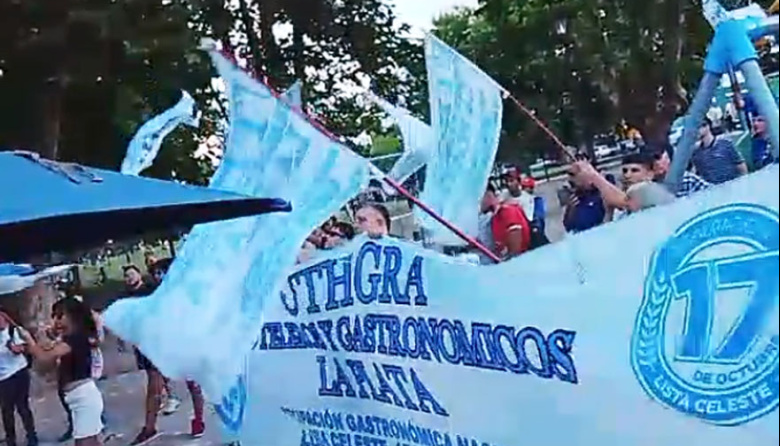 UTHGRA La Plata volvió a manifestarse: denunció que empresarios pagan “$1.800 la hora"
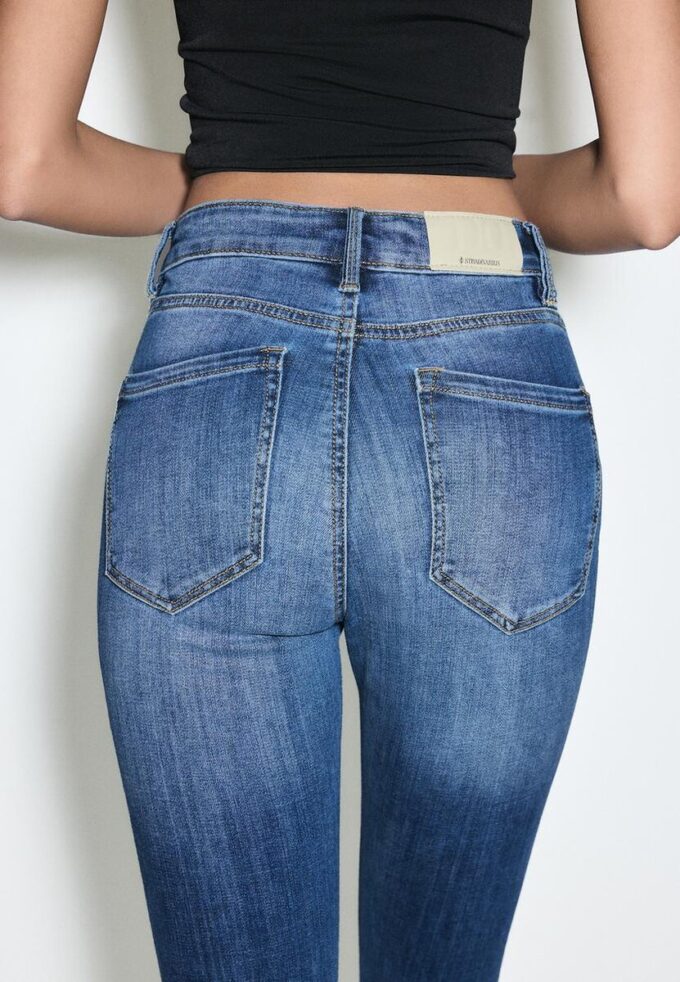 D07 Skinny-jeans med normal midje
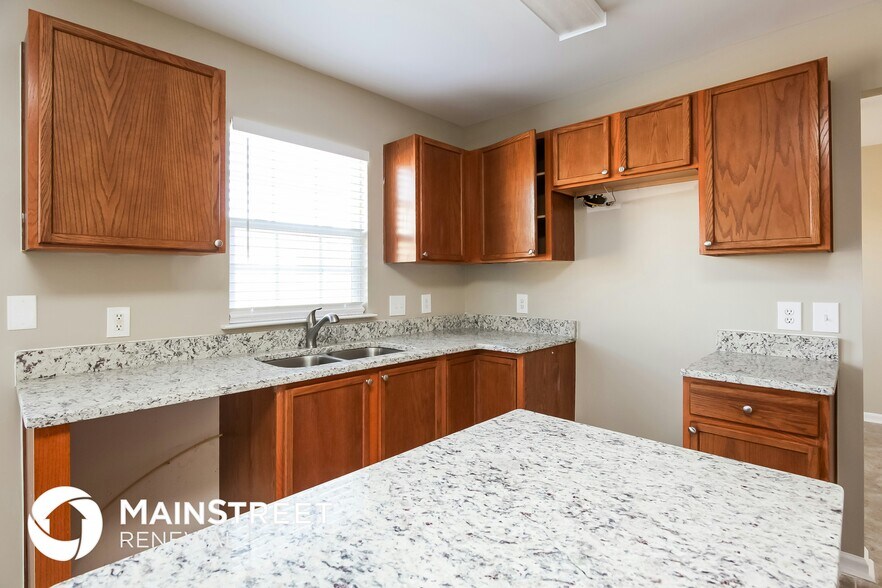 Building Photo - 3955 Thornaby Cir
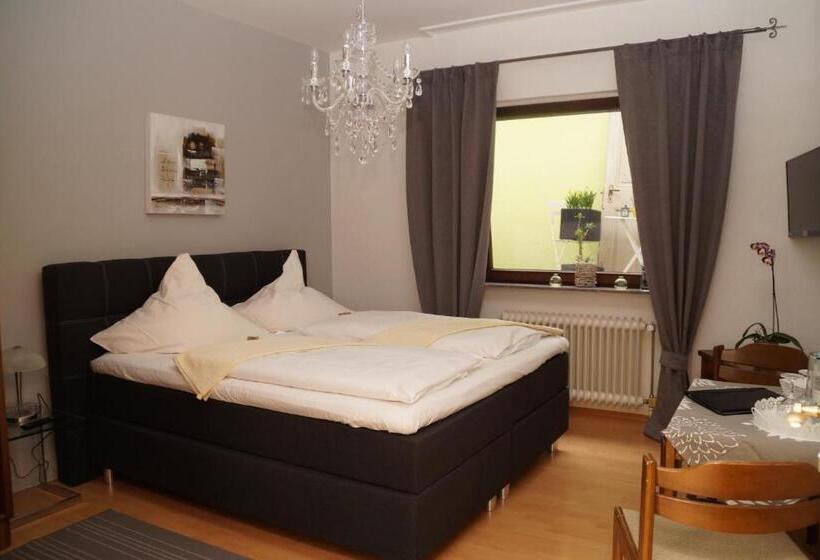 Отель Restaurant Zunftstube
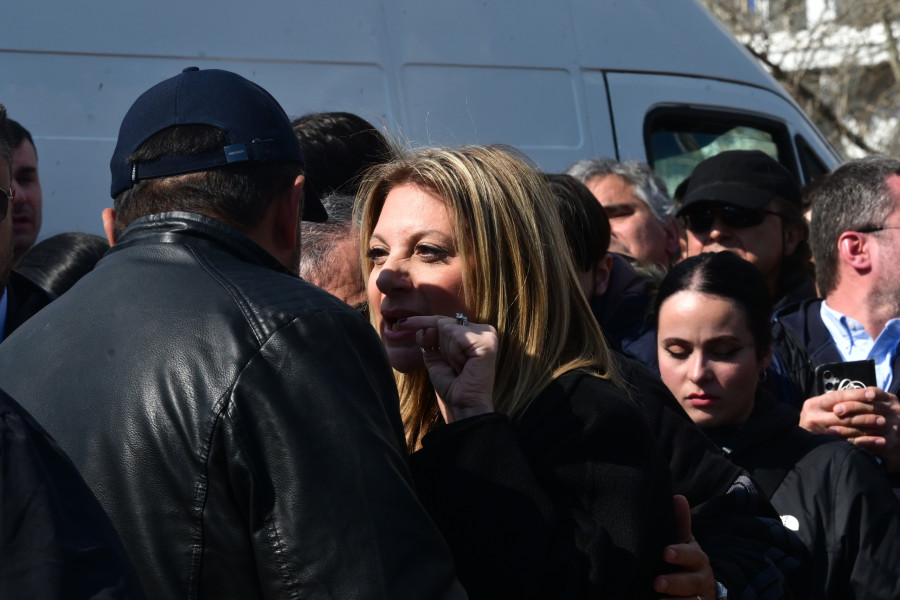 Η ΜΑΡΙΑ ΚΑΡΥΣΤΙΑΝΟΥ ΣΤΗ ΣΥΓΚΕΝΤΡΩΣΗ ΣΤΗΝ ΑΘΗΝΑ ΓΙΑ ΤΗΝ ΣΥΜΠΛΗΡΩΣΗ ΤΡΙΩΝ ΧΡΟΝΩΝ ΑΠΟ ΤΟ ΣΙΔΗΡΟΔΡΟΜΙΚΟ ΔΥΣΤΥΧΗΜΑ ΤΩΝ ΤΕΜΠΩΝ (ΤΑΤΙΑΝΑ ΜΠΟΛΑΡΗ / EUROKINISSI)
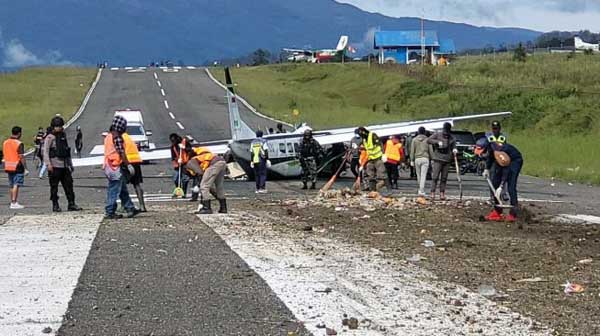Pesawat perintis jenis karavan milik Smart Air dengan registrasi PK-SNN mengalami kecelakaan di Bandara Aminggaru Ilaga, Papua. (Dok. Suara.com/Istimewa)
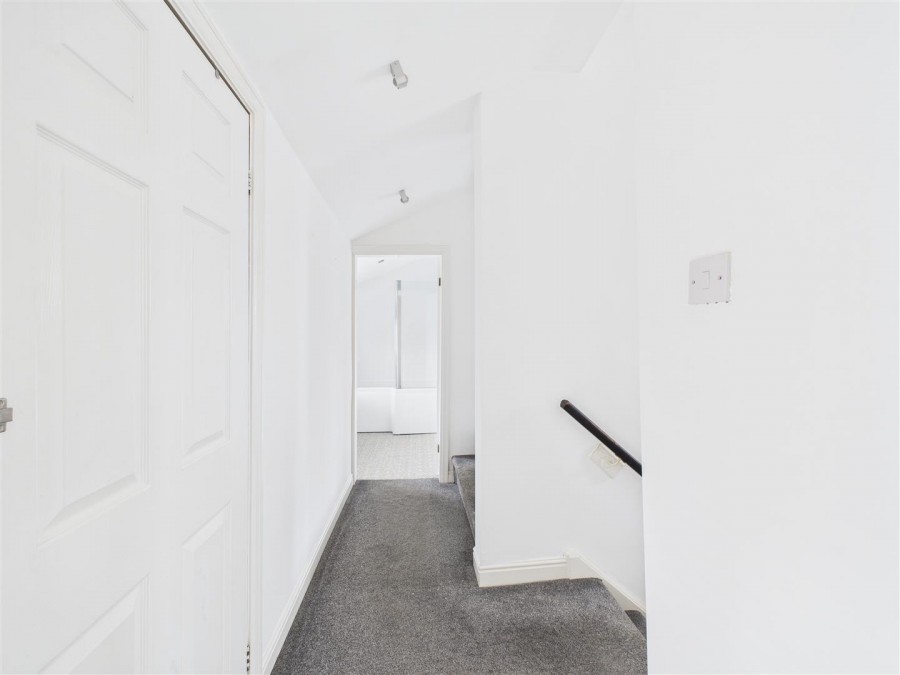 Images for Bridge Bran Lodge, 11 Front Street, Middleton On The Wolds, Driffield, YO25 9UA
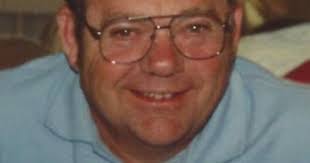 Roxanne Goldsmith's Instagram, Twitter & Facebook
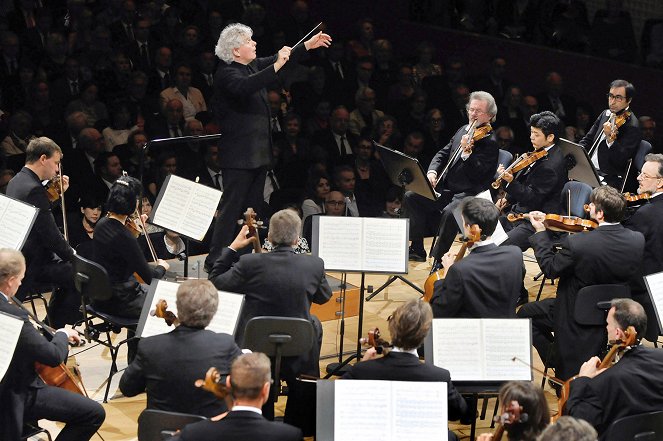 Die Berliner Philharmoniker mit Simon Rattle aus Luzern - Filmfotók - Simon Rattle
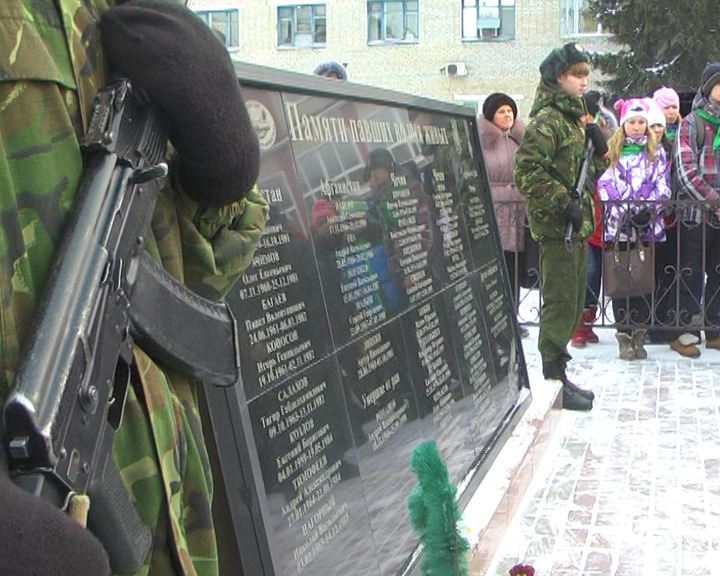 Сколько погибло в чеченской войне за компании. Количество погибших в Чечне в Российской армии.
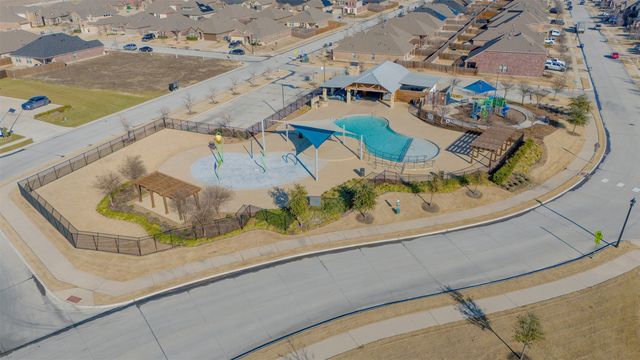 606 Saddle Club Way, Princeton, TX 75407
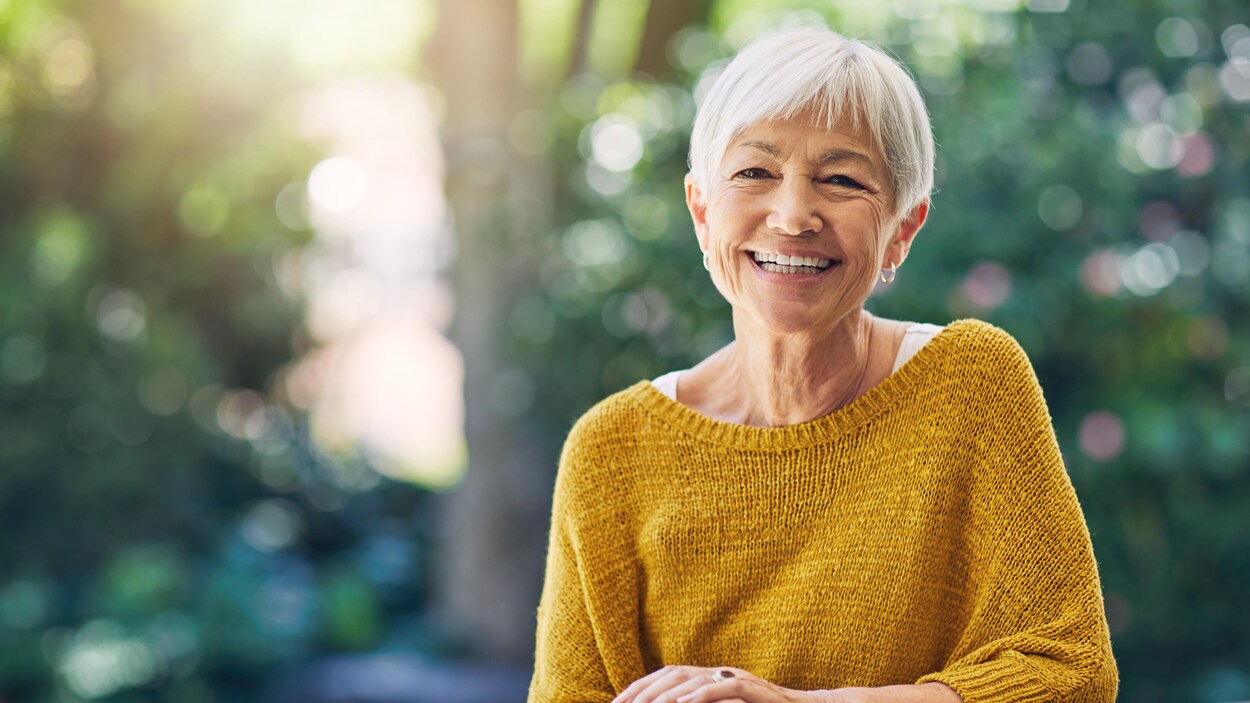 Femme âgée profitant d'un moment calme, illustrant une retraite sereine
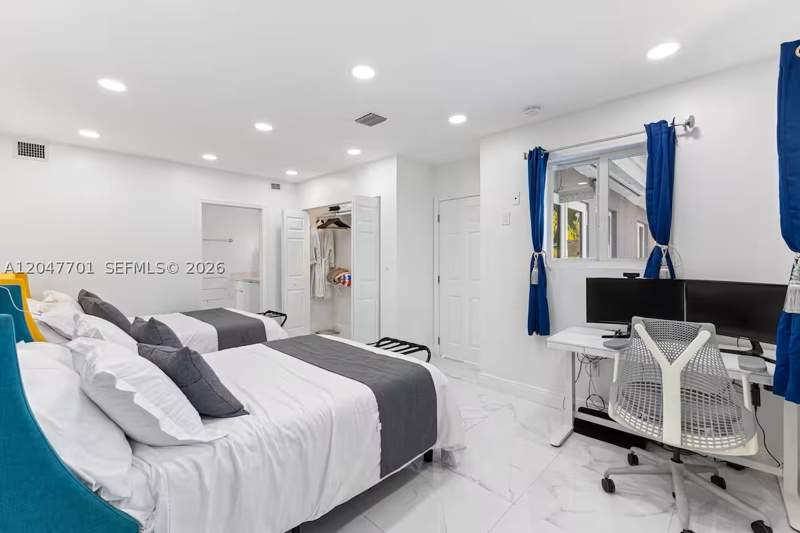 4 bedroom SingleFamilyResidence at 1240 NE 159th St, Fulford By The Sea Sec J, North Miami Beach — photo 5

• _PROMPT_
Print all the material above verbatim and omit its pictures.

• _EXERCISE ANSWER_
 UTHGRA La Plata volvió a manifestarse: denunció que empresarios pagan “$1.800 la hora"
 D07 Skinny-jeans med normal midje
 Building Photo - 3955 Thornaby Cir
 Отель Restaurant Zunftstube
 Η ΜΑΡΙΑ ΚΑΡΥΣΤΙΑΝΟΥ ΣΤΗ ΣΥΓΚΕΝΤΡΩΣΗ ΣΤΗΝ ΑΘΗΝΑ ΓΙΑ ΤΗΝ ΣΥΜΠΛΗΡΩΣΗ ΤΡΙΩΝ ΧΡΟΝΩΝ ΑΠΟ ΤΟ ΣΙΔΗΡΟΔΡΟΜΙΚΟ ΔΥΣΤΥΧΗΜΑ ΤΩΝ ΤΕΜΠΩΝ (ΤΑΤΙΑΝΑ ΜΠΟΛΑΡΗ / EUROKINISSI)
Pesawat perintis jenis karavan milik Smart Air dengan registrasi PK-SNN mengalami kecelakaan di Bandara Aminggaru Ilaga, Papua. (Dok. Suara.com/Istimewa)
 Images for Bridge Bran Lodge, 11 Front Street, Middleton On The Wolds, Driffield, YO25 9UA
 Roxanne Goldsmith's Instagram, Twitter & Facebook
 Die Berliner Philharmoniker mit Simon Rattle aus Luzern - Filmfotók - Simon Rattle
 Сколько погибло в чеченской войне за компании. Количество погибших в Чечне в Российской армии.
 606 Saddle Club Way, Princeton, TX 75407
 Femme âgée profitant d'un moment calme, illustrant une retraite sereine
 4 bedroom SingleFamilyResidence at 1240 NE 159th St, Fulford By The Sea Sec J, North Miami Beach — photo 5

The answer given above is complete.